Syria Sanctions failed b/c of R2P Overreach in Libya – get out Nato

In the last 6 weeks, I warned that if NATO kept the operation in Libya rolling, it would tarnish the responsibility to protect doctrine (R2P). R2P says external military force can be used to prevent massive human rights abuses, like Srebrenica or Rwanda. In Libya, an R2P intervention was justified, because Gaddafi and his sons talked about ‘rivers of blood in the streets’ and hunting the rebels ‘like rats, allay by alley.’

But after the fall of Tripoli, it was clear that Gaddafi was not longer a massive human rights threat in Libya. The National Transition Council clearly no longer needed NATO assistance. The NATO mission was no longer necessary in what is now a fairly traditional civil war. A focused, limited, and coherent R2P doctrine is the best antidote to the ‘its an internal affair’ siren song used by oppressive states like China or Sudan to prevent outside scrutiny of their illiberalism. Here was an intellectually defensible wedge against using ‘sovereignty’ as all-purpose excuse to brutalize your own people.

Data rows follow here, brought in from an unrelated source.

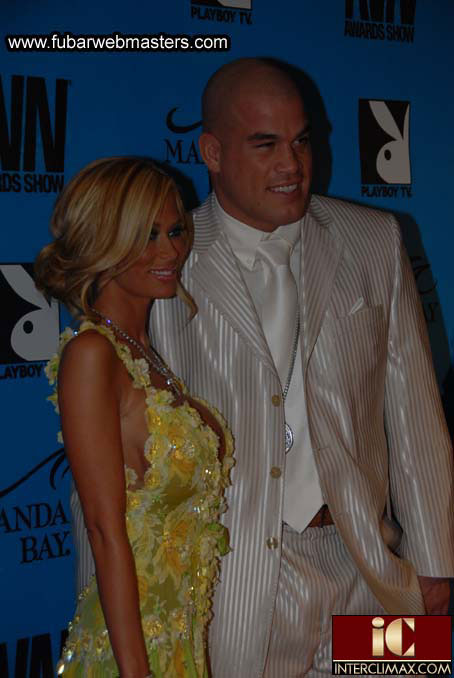 AVN Awards Red Carpet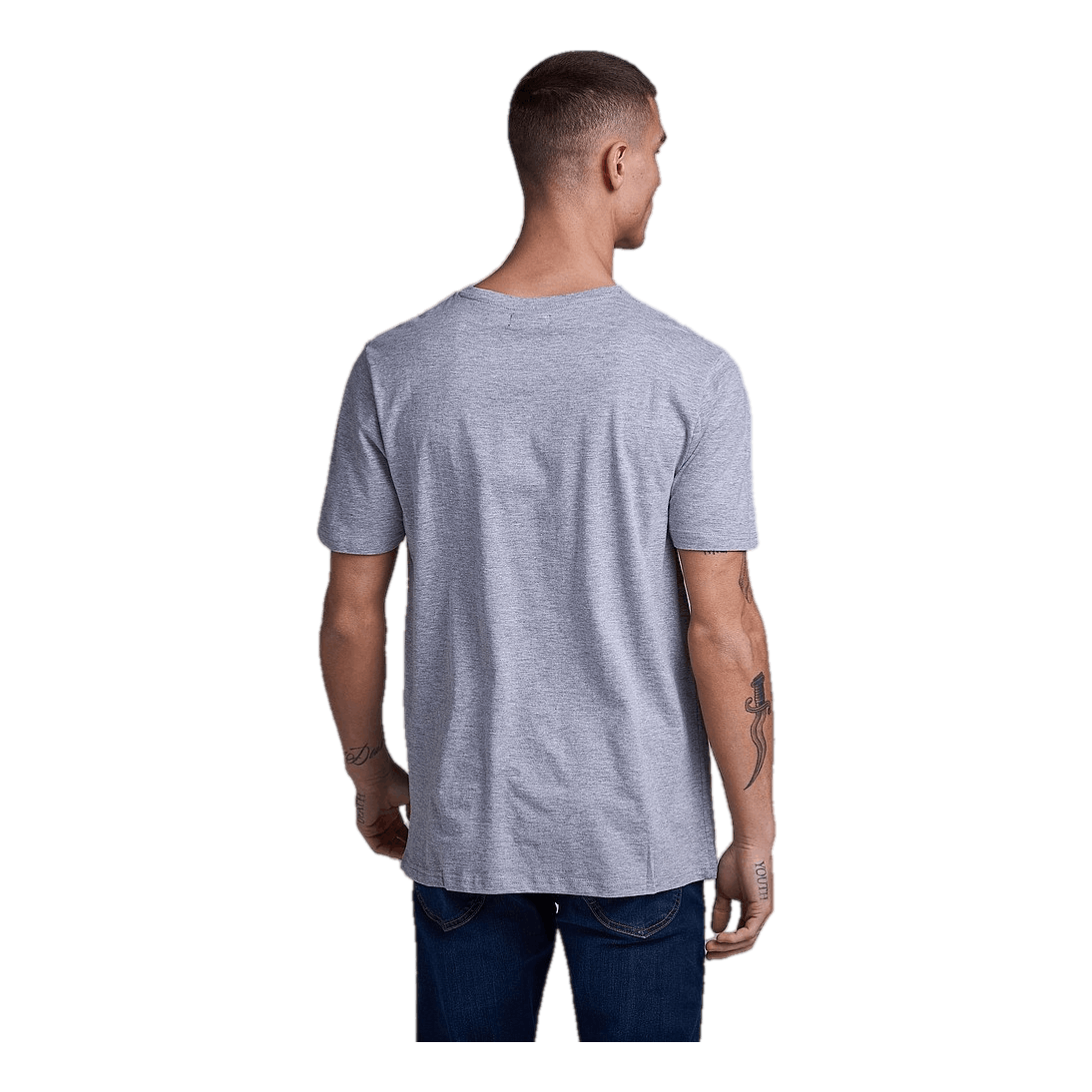 Baxter V-neck Tee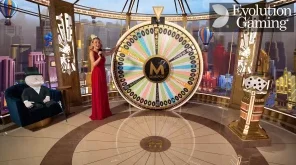 Dream Catcher Monopoly Live 5 xxr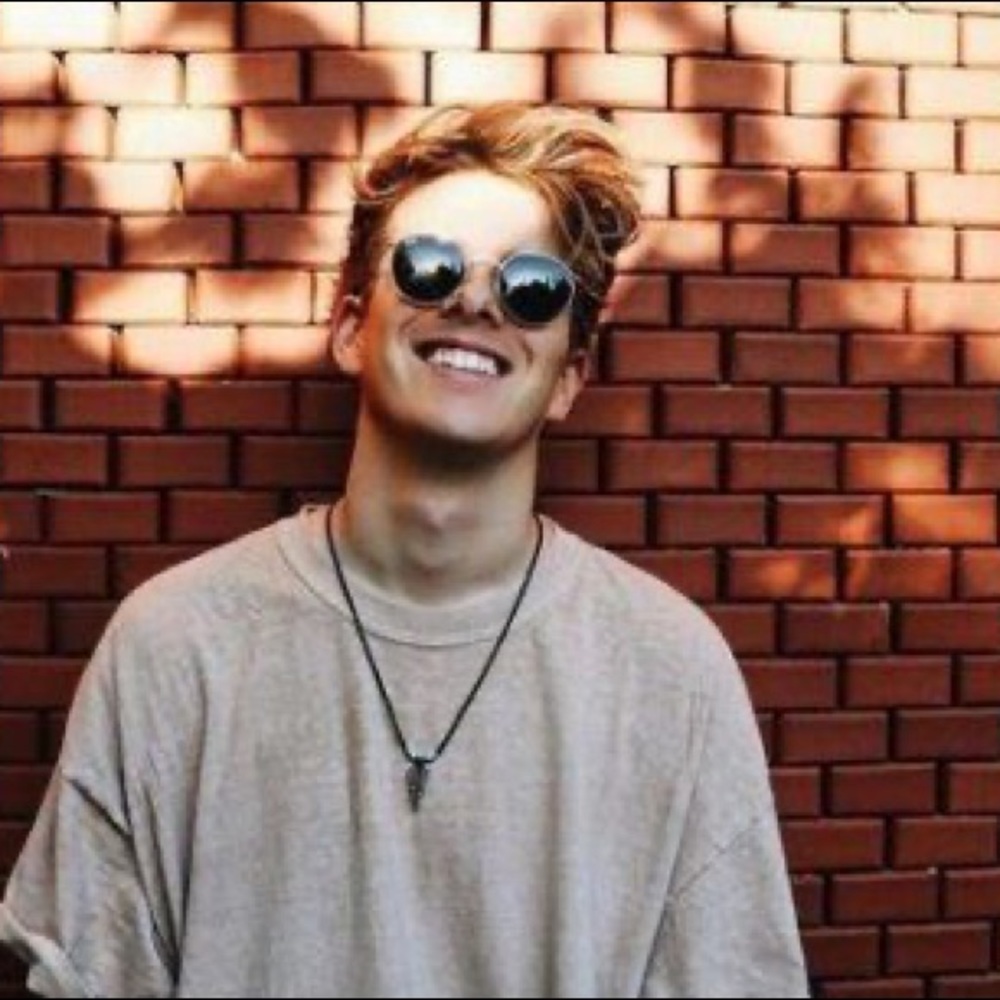 Meet your Posher, LMR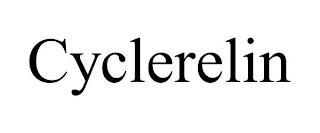 CYCLERELIN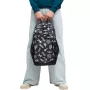 Mochila Puma Academy AOP preta-cinzenta 91150 25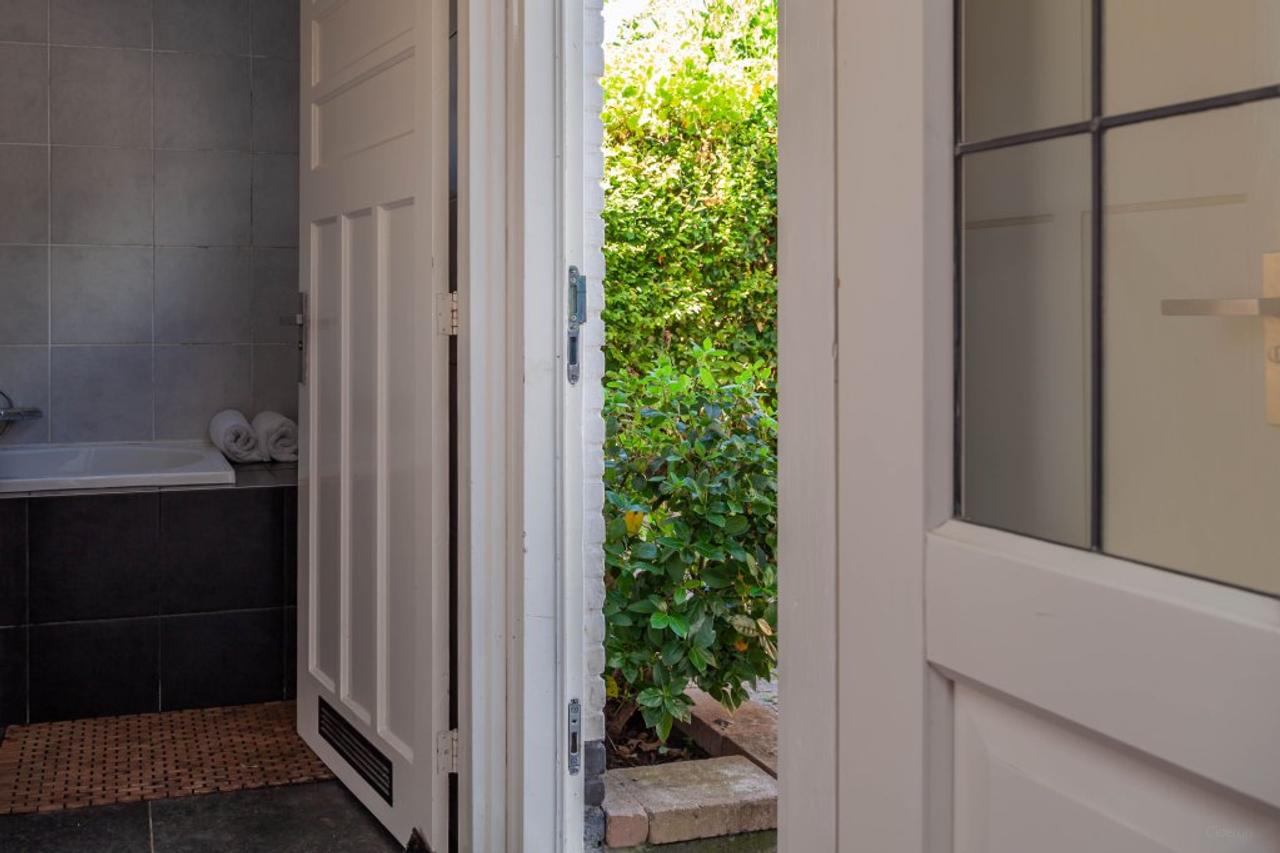 Jaren 30 huurwoning bij Prattenburg - Afbeelding 8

Hence, keeping the NATO mission going past necessity was a sure way to tell everyone that R2P is just another name for “regime change,” Bushism, neoconservatism, etc. R2P would lose its focus and look yet again like western imperialism to non-western states.

And that is what we got this week when the UN Security Council voted against sanctions on Syria. The BRICS explicitly noted that Libya’s R2P vote turned into regime change, and that they didn’t vote for that or want that. The more we stay in Libya, the less it looks like R2P and the more it looks like Iraq-light.

No wonder no one trusts us. Despite all of our angst and hand-wringing about Iraq, as soon as we won another war, our neocon, ‘inside every g—, there is an American struggling to get out (video above)’ instinct came roaring back. But all the western victory laps do is undercut R2P as real human rights-protecting mechanism because no one will vote for it in the future, now that they’ve seen Libya. Another opportunity for better global governance squandered by neocon arrogance…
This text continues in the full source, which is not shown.